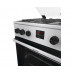 Газовая плита Gorenje GGI6C21XA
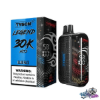 image for link to Tyson 30k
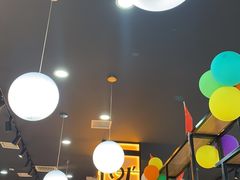 -二十一分小锅炖(中心店)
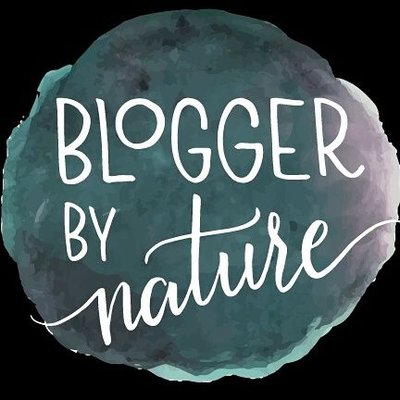 Blogger By Nature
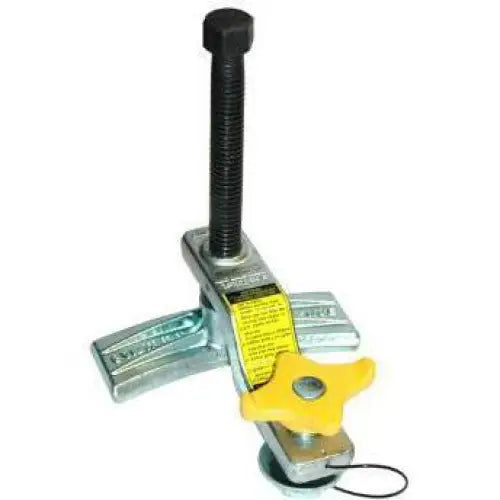 Tire Changing Tools - Gaither Bead Vice Tool (For New Eva Wheels)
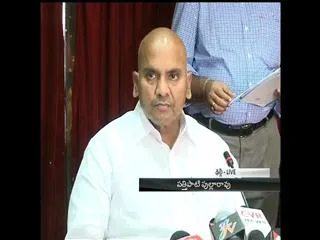 Loan waiver will be implemented soon - Sakshi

□ □ □ □ □ □ □

= EXERCISE DIRECTIONS =
Write out the entries again, exactly as given, skipping any images.

= REPLY =
 Газовая плита Gorenje GGI6C21XA
 image for link to Tyson 30k
 -二十一分小锅炖(中心店)
 Blogger By Nature
 Tire Changing Tools - Gaither Bead Vice Tool (For New Eva Wheels)
 Loan waiver will be implemented soon - Sakshi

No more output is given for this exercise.